Abstract

The clinical course of 195 cases of myasthenia gravis was studied. Among them, 90 myasthenia patients received thymectomies, and of these, thirty cases of thymoma were pathologically proven. The incidence of thymomatous myasthenia gravis in these thymectomized patients was 33.3%. The average age of these 30 cases was 44.4±14.2 years and the sex ratio was almost equal. Their onset age was at 42.2±14.6 years. Before thymectomy, the clinical severity of 89.7% of thymoma patients were of a generalized type, especially typeⅡb, Ⅲ or Ⅳ. Compared with the two groups of thymic hyperplasia and hypoplasia, thymoma patients had a later onset with an equal sex distribution, and manifested a more severe myasthenia. The thymoma may be detected on radiological examination of the chest, especially by mediastinal CT scan. But in 16% of cases, the tumors were so small that they were found only after thymectomy. All patients underwent maximal thymectomy. The pathology of the thymus in these patients was predominantly of the lymph-epithelial type.

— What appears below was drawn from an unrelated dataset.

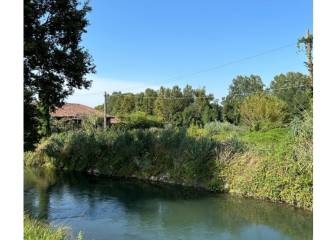 Terreno agricolo all'asta a casalbuttano ed uniti via naviglio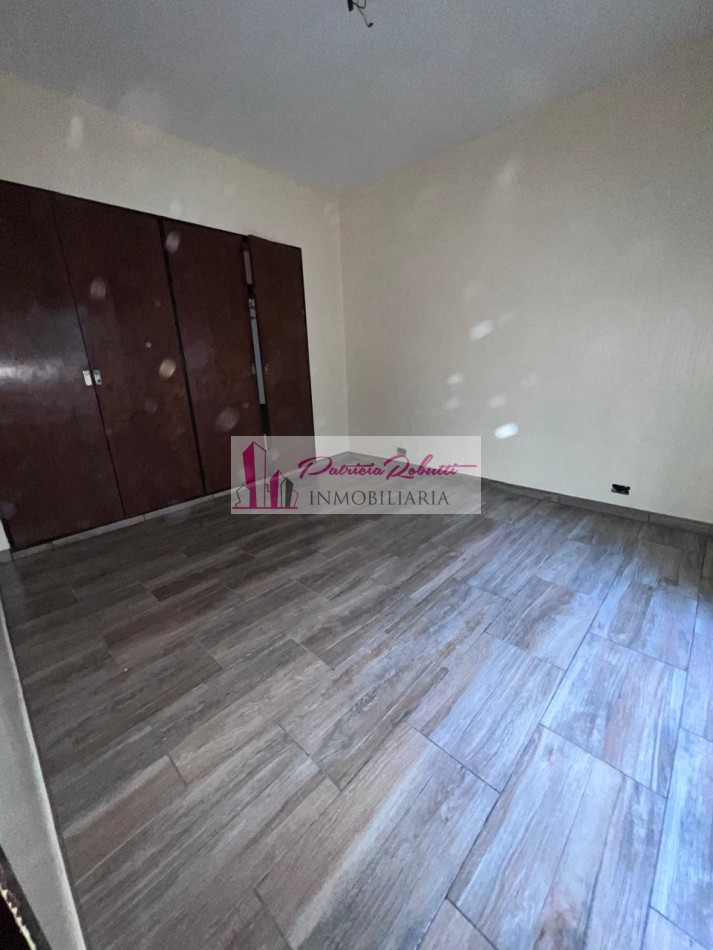 EN VENTA EXCELENTE CASA 5 AMBIENTES CON QUINCHO Y TERRAZA- FLORES NORTE- CABA.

Four cases (13.3%) were malignant thymoma and received radiation therapy after thymectomy. The histology of the tumor seemed to have no relationship to the severity of the myasthenia gravis. On follow-up of the showed improvement; 13.8% were in the state of remission; 65.5% showed improvement; 13.3% were unchanged and the mortality rate was 6.8%. Postoperative improvement was either immediate or gradual.